En esas estamos. La controversia sobre los componentes del Programa de Alimentación Escolar –PAE– sigue candente. Y seguirá candente. Porque los niños y los jóvenes tienen hambre. Llegan al colegio con hambre y se van del colegio con hambre. Estamos ante el fenómeno que los abuelos llamaban “hambre vieja”. Ellos no tienen la culpa. Es más, no pidieron ser traídos al mundo. Son inocentes. Están aquí y hay que alimentarlos responsablemente.
Con todo, seguimos y nos declaramos convencidos de que es más barato educar a un niño, incluyendo su ración diaria de alimentos y las administraciones distritales, municipales, departamentales y nacionales están en deuda con el suministro de libros y útiles anualmente. Vamos avanzando. El suministro de alimentos ya es un gran paso y se está a la espera de los otros pasos.
Y es entonces cuando nos vamos al otro extremo. El niño que no supo lo que es hacer parte de una institución educativa. El menor que no tuvo oportunidad de socializar con los otros niños de su edad y aprender allí los valores necesarios como el amor y el compartir para integrarse sanamente a una sociedad. El niño que sólo aprendió a golpe y porrazo lo que la vida le fue enseñando y aplica esas enseñanzas para sobrevivir, no importa que para lograr sus objetivos tenga que recurrir a la violencia y pisotear los intereses y aspiraciones de sus semejantes. Ese niño crece y sin darse cuenta, porque no está facultado para ello, se convierte en un peligroso delincuente que ataca, con razón o sin ella, todo lo que se le ponga por delante.
¿Cuál es la respuesta de la sociedad? Esa sociedad que le negó la oportunidad de estudiar a ese niño y de satisfacer sus necesidades básicas, ahora, que es un ser humano adulto (hombre-mujer), lo condena. Lo encierra en un costoso centro carcelario en donde tiene que darle el desayuno, el almuerzo y la cena que le negó durante su niñez. Ahora tiene que reeducarlo.

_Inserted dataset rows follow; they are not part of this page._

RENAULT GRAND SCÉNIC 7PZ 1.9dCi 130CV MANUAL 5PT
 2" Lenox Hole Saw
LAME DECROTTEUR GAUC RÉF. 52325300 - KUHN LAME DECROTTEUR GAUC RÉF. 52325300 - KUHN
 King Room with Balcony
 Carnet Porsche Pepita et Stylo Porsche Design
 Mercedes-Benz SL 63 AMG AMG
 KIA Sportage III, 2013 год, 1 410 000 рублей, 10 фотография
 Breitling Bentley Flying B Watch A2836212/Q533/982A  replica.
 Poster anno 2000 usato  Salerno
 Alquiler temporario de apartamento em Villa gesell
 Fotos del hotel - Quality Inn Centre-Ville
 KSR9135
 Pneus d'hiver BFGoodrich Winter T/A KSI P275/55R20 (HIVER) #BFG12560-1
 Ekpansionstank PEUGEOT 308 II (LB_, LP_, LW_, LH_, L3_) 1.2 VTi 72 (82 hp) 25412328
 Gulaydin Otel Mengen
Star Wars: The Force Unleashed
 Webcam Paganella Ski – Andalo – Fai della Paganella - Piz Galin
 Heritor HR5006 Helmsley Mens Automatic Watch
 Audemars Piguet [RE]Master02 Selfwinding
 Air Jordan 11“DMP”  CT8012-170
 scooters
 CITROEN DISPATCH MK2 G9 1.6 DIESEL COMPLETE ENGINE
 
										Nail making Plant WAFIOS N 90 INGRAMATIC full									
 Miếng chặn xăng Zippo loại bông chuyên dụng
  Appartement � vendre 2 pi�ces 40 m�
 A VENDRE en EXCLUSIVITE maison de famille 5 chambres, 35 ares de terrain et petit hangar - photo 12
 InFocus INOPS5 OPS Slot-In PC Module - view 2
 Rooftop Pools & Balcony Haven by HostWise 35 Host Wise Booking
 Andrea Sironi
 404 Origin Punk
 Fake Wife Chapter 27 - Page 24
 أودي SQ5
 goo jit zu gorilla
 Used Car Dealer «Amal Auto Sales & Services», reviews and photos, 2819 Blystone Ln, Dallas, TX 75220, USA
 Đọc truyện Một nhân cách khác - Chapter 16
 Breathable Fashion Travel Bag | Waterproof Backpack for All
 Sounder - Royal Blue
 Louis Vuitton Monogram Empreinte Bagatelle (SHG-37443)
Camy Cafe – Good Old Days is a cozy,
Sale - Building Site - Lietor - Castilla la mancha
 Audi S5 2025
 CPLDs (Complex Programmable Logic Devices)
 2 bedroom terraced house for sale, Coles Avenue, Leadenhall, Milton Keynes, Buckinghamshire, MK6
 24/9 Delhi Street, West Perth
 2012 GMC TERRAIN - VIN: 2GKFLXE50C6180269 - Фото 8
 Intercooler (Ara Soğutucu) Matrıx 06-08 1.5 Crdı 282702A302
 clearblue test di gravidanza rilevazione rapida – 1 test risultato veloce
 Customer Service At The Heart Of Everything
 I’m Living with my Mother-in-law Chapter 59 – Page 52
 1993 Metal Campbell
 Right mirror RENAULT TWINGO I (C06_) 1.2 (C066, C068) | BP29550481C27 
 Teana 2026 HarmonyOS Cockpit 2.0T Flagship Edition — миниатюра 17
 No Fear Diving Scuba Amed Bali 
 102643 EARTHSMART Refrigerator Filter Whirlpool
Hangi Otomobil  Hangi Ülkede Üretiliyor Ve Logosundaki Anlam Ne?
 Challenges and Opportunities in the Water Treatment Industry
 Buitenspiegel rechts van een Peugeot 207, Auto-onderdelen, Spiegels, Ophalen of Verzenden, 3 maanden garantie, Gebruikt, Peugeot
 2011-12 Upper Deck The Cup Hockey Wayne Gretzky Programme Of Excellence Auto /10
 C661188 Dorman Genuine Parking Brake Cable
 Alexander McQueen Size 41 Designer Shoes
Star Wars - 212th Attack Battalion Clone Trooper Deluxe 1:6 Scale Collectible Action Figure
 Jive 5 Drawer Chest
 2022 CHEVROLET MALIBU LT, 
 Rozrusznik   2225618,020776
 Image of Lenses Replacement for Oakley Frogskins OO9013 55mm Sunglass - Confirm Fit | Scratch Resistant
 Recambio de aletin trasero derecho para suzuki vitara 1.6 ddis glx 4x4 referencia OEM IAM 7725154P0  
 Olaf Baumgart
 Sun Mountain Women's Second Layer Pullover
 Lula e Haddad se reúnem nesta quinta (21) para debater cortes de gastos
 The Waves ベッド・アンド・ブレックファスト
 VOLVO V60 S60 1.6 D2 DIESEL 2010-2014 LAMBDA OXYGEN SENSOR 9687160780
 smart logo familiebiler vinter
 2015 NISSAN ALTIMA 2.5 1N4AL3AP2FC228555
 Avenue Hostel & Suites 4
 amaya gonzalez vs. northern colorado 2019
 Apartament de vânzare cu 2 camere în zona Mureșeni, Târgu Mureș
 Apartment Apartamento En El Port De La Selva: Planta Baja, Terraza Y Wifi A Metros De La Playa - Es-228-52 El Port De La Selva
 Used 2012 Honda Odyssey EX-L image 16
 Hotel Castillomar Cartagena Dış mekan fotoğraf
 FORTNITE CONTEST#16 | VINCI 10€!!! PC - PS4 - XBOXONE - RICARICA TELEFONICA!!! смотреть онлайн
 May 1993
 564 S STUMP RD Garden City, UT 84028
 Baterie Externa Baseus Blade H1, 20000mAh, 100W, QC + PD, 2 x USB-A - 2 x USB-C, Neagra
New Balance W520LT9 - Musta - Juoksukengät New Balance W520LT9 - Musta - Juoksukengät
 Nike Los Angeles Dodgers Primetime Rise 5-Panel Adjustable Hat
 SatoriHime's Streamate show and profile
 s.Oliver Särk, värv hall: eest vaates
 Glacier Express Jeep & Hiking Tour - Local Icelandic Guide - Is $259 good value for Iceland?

Y en eso se irán muchos años, aunque los resultados no sean los mejores porque esos centros de reeducación no están cumpliendo sus objetivos y sólo han servido para que el joven delincuente salga graduado de delincuente profesional y con más charreteras de cuando entró. Paradojas de la vida. O educamos al niño o sufrimos las consecuencias.